BEGIN EXTRACTED INFORMATION
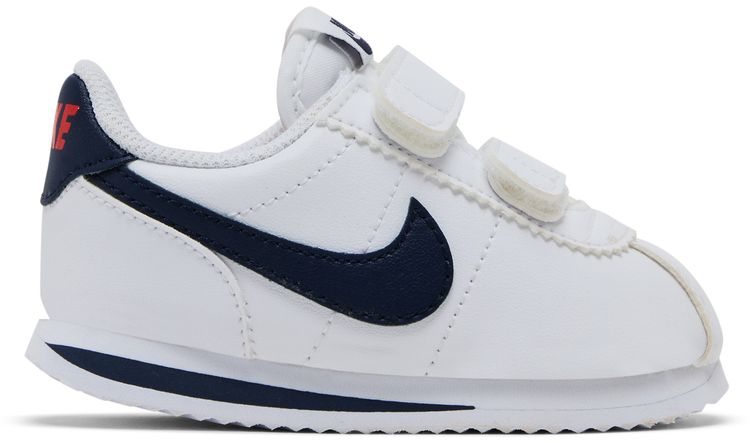 Nike Cortez Basic SL TD White Neutral Indigo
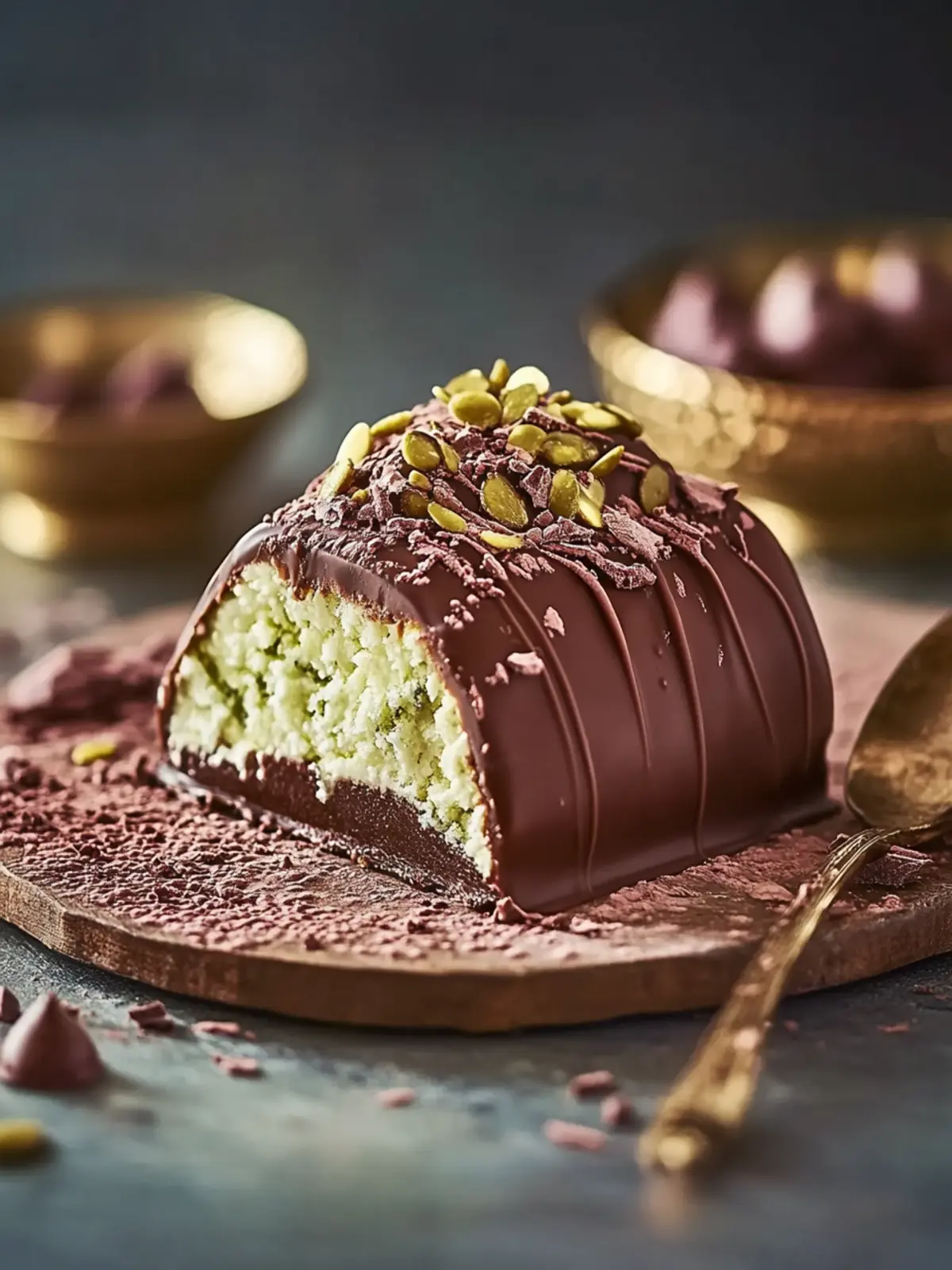 Decadent Dubai Chocolate Dessert: Indulge in Luxurious Bliss 2 Dubai Chocolate Dessert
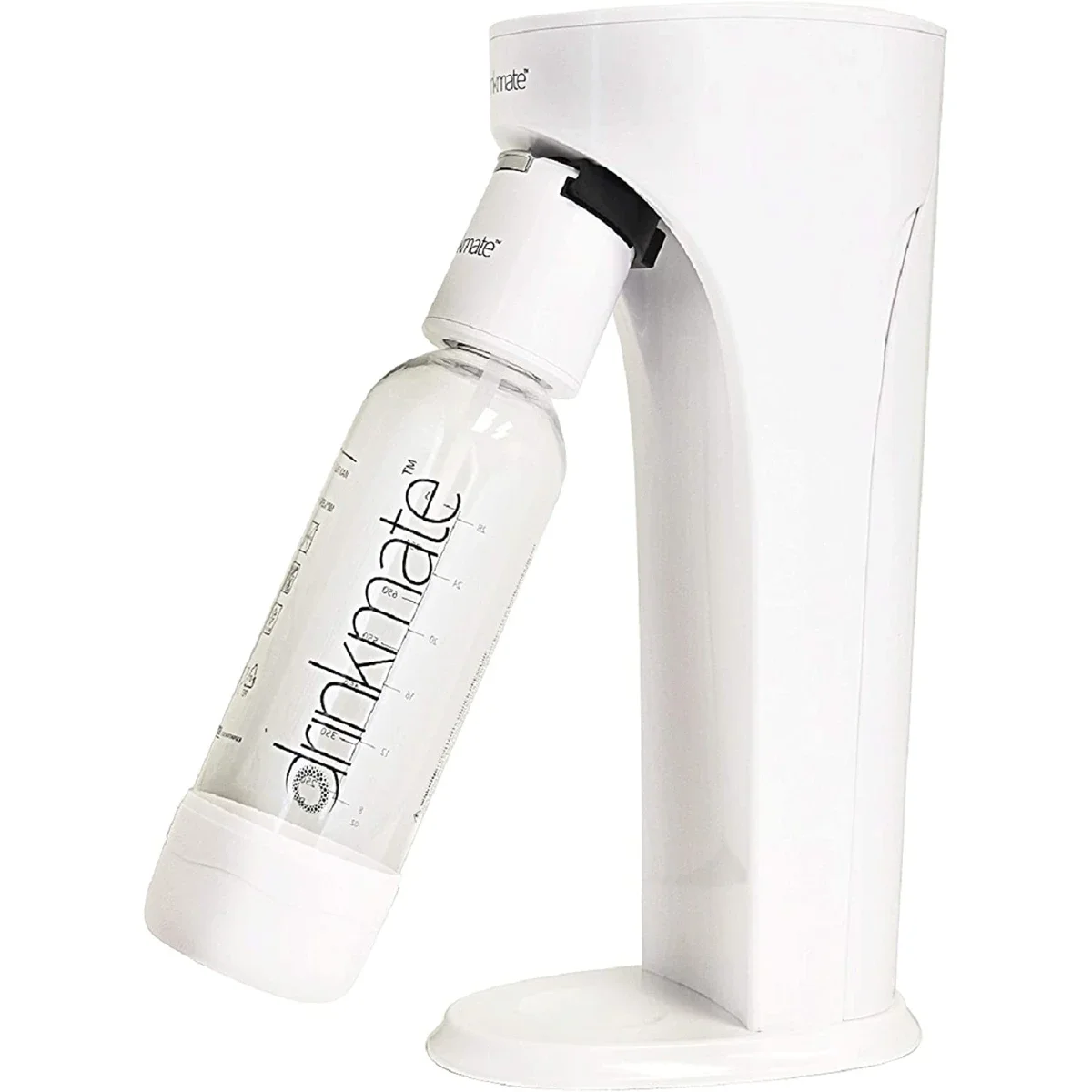 DrinkMate Water & Soda Machine with Cylinder Included - White - Image 5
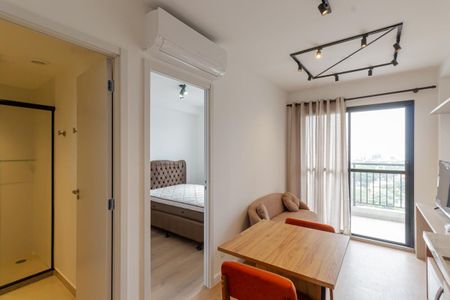 Studio para alugar com 28m², 1 quarto e sem vagaStudio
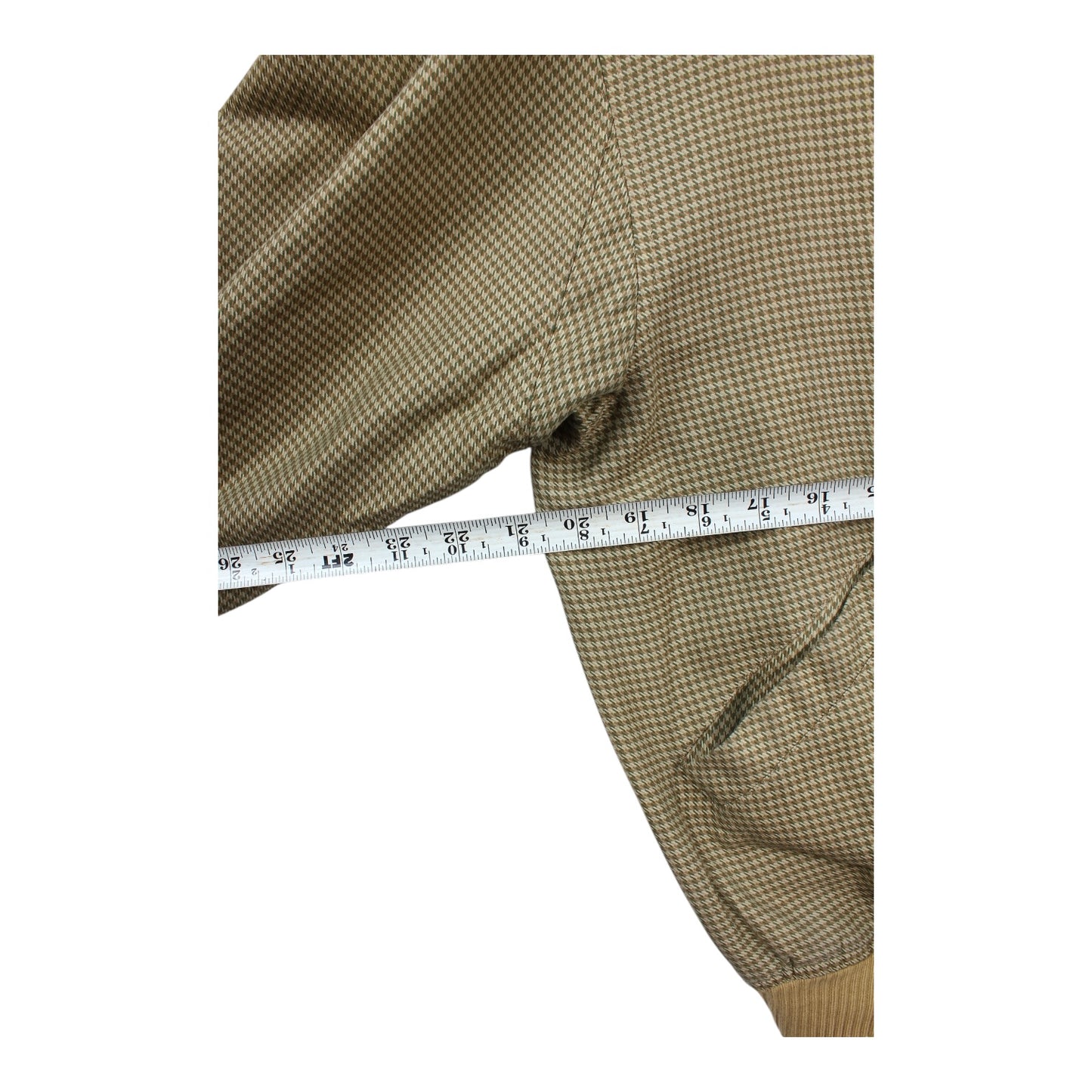 YSL hounds tooth jacket medium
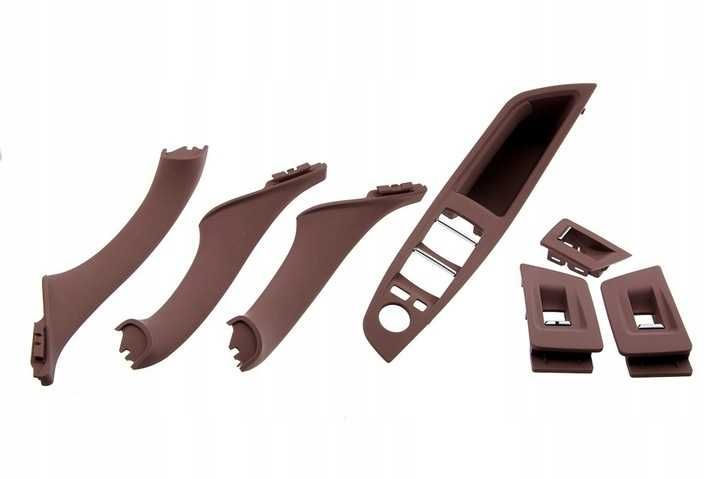 Комплект вътрешни дръжки за BMW 5 F10/F11 Dakota brown (кафяв)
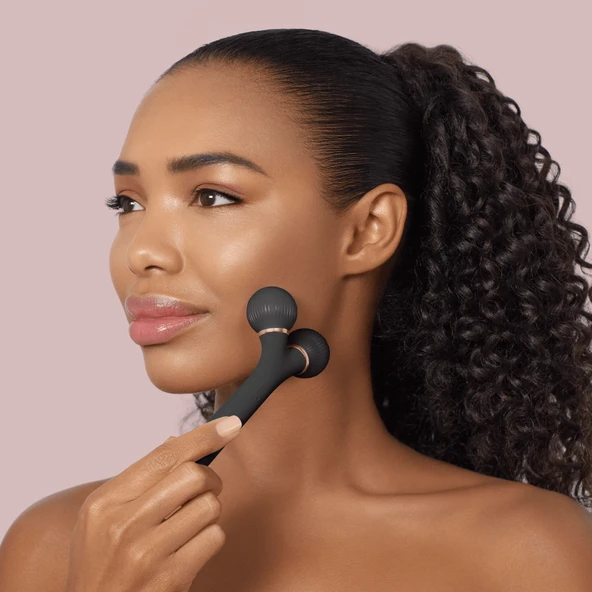GESKE Titreşimli Yüz Şekillendirici Roller Masaj Cihazı Sonic Facial Roller - 4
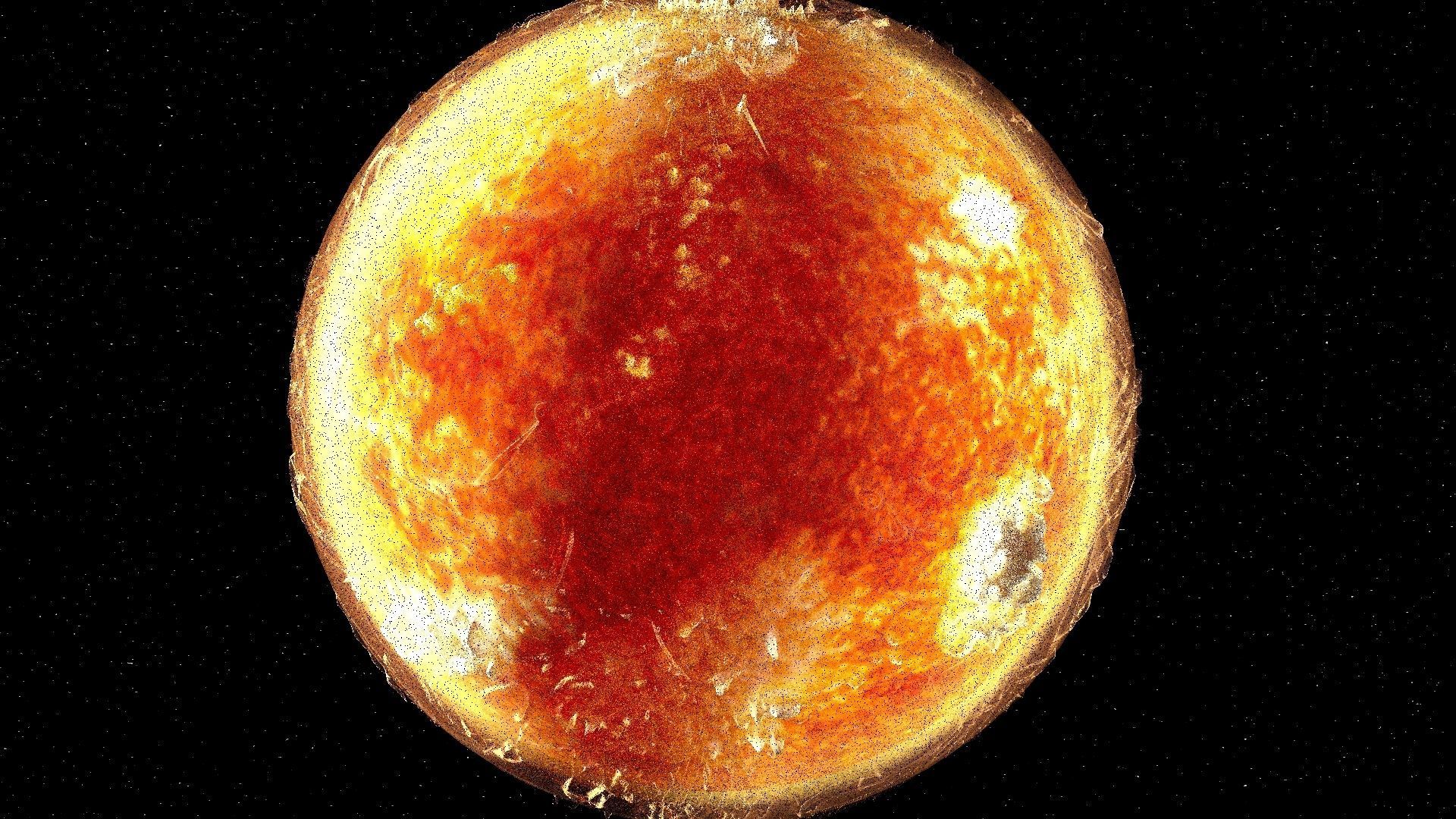 Sun 3d max corona rander model 3D model_20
END EXTRACTED INFORMATION
Every line above should be retyped exactly; the pictures do not belong in the copy.

 Nike Cortez Basic SL TD White Neutral Indigo
 Decadent Dubai Chocolate Dessert: Indulge in Luxurious Bliss 2 Dubai Chocolate Dessert
 DrinkMate Water & Soda Machine with Cylinder Included - White - Image 5
 Studio para alugar com 28m², 1 quarto e sem vagaStudio
 YSL hounds tooth jacket medium
 Комплект вътрешни дръжки за BMW 5 F10/F11 Dakota brown (кафяв)
GESKE Titreşimli Yüz Şekillendirici Roller Masaj Cihazı Sonic Facial Roller - 4
 Sun 3d max corona rander model 3D model_20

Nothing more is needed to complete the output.